WHAT YOU HAVE TO DO:
Copying rule for the data below: take the line containing "456 17th Ave NE, Saint Petersburg, FL 33704" and every line after it to the end, exactly, and drop all pictures.

SUPPLIED MATERIAL:
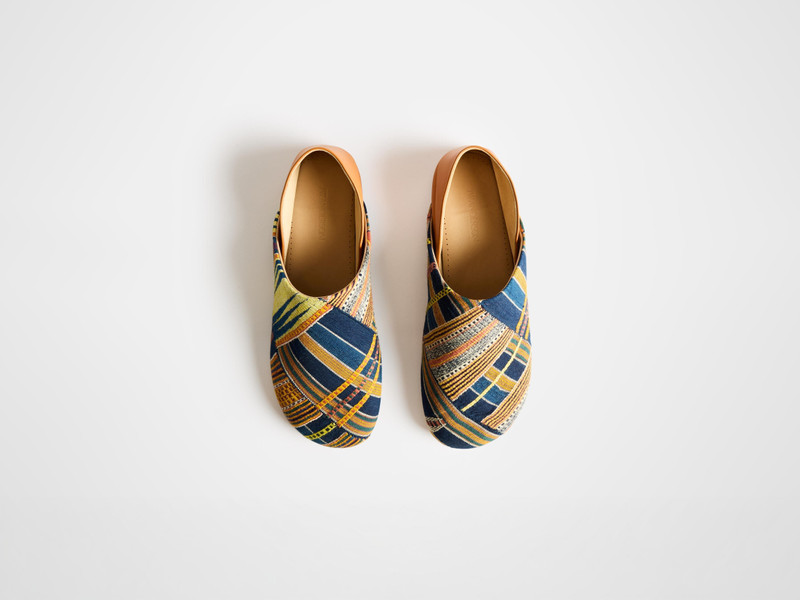 MENS SLIPPER MULES IN BLUE & MULTI 6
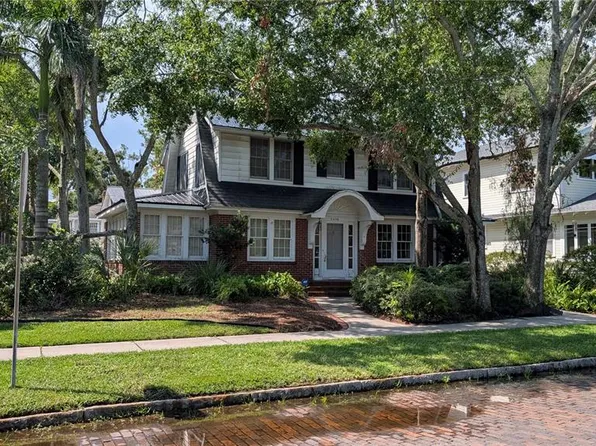 456 17th Ave NE, Saint Petersburg, FL 33704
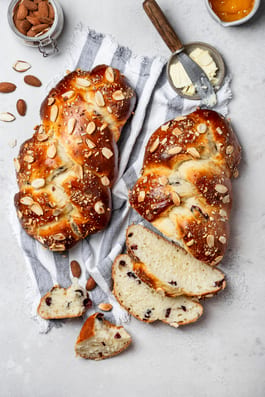 Almond Pulla bread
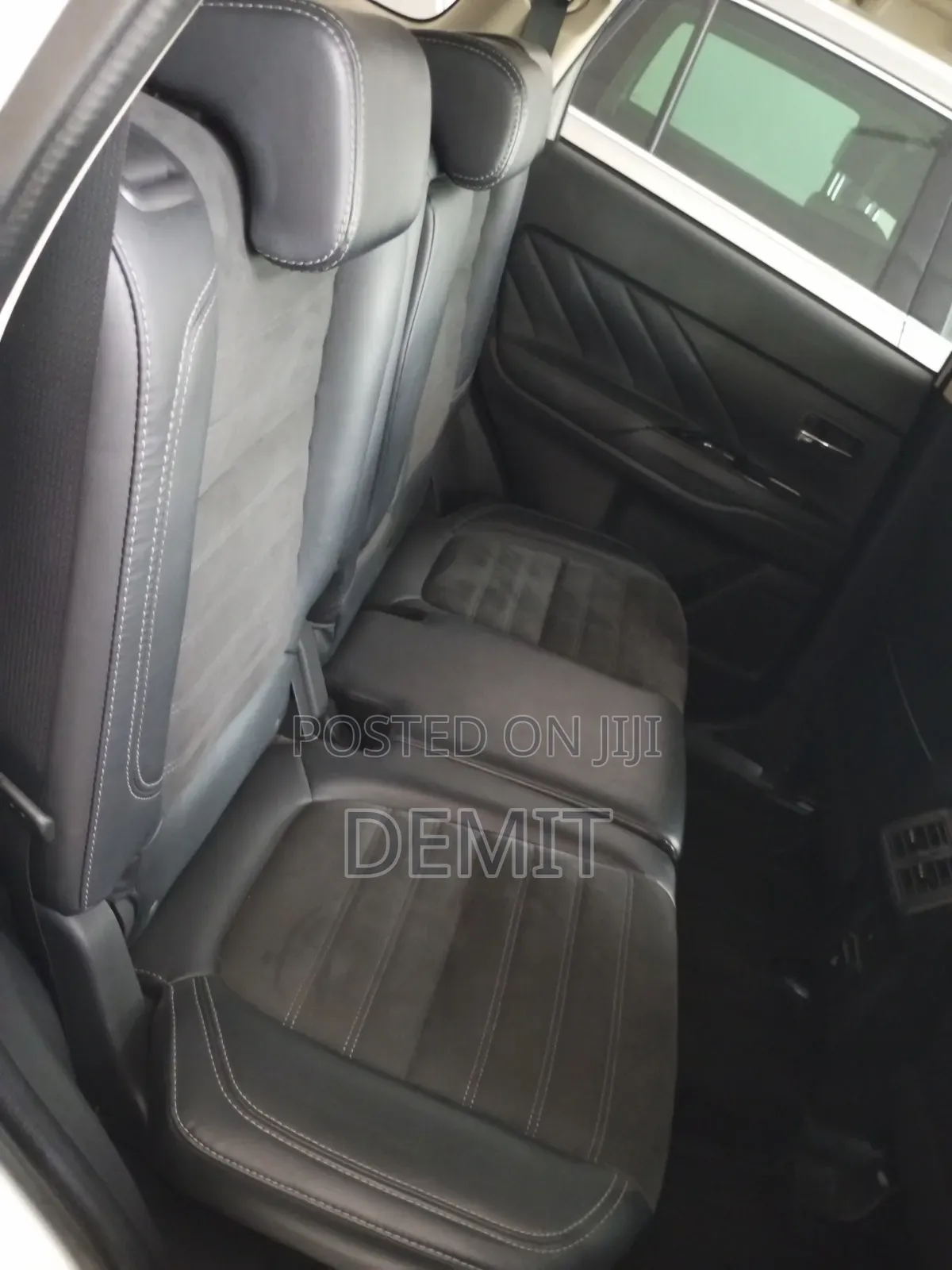 Mitsubishi Outlander 2.0 PHEV AWD 2019 Pearl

RESPONSE BOX:
 456 17th Ave NE, Saint Petersburg, FL 33704
 Almond Pulla bread
 Mitsubishi Outlander 2.0 PHEV AWD 2019 Pearl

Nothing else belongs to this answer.